* Task inputs *
====================

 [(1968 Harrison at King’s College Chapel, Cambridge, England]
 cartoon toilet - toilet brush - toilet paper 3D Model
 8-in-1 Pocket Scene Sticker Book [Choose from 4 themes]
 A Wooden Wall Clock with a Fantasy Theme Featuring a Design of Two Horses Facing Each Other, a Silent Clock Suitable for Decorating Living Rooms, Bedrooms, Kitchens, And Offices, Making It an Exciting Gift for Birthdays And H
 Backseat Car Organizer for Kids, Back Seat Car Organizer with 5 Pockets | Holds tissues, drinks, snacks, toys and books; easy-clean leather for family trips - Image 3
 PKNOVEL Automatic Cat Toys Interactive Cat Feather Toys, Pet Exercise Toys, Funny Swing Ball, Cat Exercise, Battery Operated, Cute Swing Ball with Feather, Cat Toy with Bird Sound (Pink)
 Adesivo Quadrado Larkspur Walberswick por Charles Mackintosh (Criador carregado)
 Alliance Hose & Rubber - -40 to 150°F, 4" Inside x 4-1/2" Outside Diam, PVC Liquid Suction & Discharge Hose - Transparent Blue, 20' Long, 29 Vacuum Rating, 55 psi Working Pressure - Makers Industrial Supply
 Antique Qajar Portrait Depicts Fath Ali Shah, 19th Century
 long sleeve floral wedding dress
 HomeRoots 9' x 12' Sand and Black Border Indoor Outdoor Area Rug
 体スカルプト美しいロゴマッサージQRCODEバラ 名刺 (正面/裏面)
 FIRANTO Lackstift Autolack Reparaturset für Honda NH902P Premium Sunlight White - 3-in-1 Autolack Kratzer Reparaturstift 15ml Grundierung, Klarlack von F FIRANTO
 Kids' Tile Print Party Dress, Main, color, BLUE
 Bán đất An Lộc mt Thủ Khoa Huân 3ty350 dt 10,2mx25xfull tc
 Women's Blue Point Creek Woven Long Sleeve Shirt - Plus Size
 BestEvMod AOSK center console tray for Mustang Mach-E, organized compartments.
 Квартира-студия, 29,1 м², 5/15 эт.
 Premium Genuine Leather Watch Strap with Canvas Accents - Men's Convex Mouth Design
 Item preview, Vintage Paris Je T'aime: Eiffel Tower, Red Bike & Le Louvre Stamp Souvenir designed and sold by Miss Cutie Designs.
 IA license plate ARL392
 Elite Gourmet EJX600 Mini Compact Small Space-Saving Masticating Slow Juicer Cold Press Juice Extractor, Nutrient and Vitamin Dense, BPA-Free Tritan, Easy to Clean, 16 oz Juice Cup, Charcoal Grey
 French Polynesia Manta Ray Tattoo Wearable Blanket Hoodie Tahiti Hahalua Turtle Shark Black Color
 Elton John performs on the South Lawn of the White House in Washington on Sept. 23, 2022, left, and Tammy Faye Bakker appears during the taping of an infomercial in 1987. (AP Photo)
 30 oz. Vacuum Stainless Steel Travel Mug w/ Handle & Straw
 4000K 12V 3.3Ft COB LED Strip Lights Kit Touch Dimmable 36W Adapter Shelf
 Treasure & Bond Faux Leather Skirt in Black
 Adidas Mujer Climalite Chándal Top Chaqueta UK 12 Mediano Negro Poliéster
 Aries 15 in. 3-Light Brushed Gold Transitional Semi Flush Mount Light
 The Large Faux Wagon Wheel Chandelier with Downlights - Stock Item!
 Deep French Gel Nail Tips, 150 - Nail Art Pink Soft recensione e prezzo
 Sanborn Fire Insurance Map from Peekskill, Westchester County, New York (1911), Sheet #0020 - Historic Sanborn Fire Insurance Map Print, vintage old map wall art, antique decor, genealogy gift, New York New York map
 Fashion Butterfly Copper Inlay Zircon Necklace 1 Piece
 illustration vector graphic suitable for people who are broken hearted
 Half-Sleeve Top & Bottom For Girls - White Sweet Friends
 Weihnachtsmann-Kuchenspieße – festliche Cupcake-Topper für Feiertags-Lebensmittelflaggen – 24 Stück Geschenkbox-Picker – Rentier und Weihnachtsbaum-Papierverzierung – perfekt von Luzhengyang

====================

* Task to carry out *
Above are the records; from them, give again exactly the lines from the one containing "Backseat Car Organizer" to the one containing "Women's Blue Point", both lines included, and nothing more.

* Result *
 Backseat Car Organizer for Kids, Back Seat Car Organizer with 5 Pockets | Holds tissues, drinks, snacks, toys and books; easy-clean leather for family trips - Image 3
 PKNOVEL Automatic Cat Toys Interactive Cat Feather Toys, Pet Exercise Toys, Funny Swing Ball, Cat Exercise, Battery Operated, Cute Swing Ball with Feather, Cat Toy with Bird Sound (Pink)
 Adesivo Quadrado Larkspur Walberswick por Charles Mackintosh (Criador carregado)
 Alliance Hose & Rubber - -40 to 150°F, 4" Inside x 4-1/2" Outside Diam, PVC Liquid Suction & Discharge Hose - Transparent Blue, 20' Long, 29 Vacuum Rating, 55 psi Working Pressure - Makers Industrial Supply
 Antique Qajar Portrait Depicts Fath Ali Shah, 19th Century
 long sleeve floral wedding dress
 HomeRoots 9' x 12' Sand and Black Border Indoor Outdoor Area Rug
 体スカルプト美しいロゴマッサージQRCODEバラ 名刺 (正面/裏面)
 FIRANTO Lackstift Autolack Reparaturset für Honda NH902P Premium Sunlight White - 3-in-1 Autolack Kratzer Reparaturstift 15ml Grundierung, Klarlack von F FIRANTO
 Kids' Tile Print Party Dress, Main, color, BLUE
 Bán đất An Lộc mt Thủ Khoa Huân 3ty350 dt 10,2mx25xfull tc
 Women's Blue Point Creek Woven Long Sleeve Shirt - Plus Size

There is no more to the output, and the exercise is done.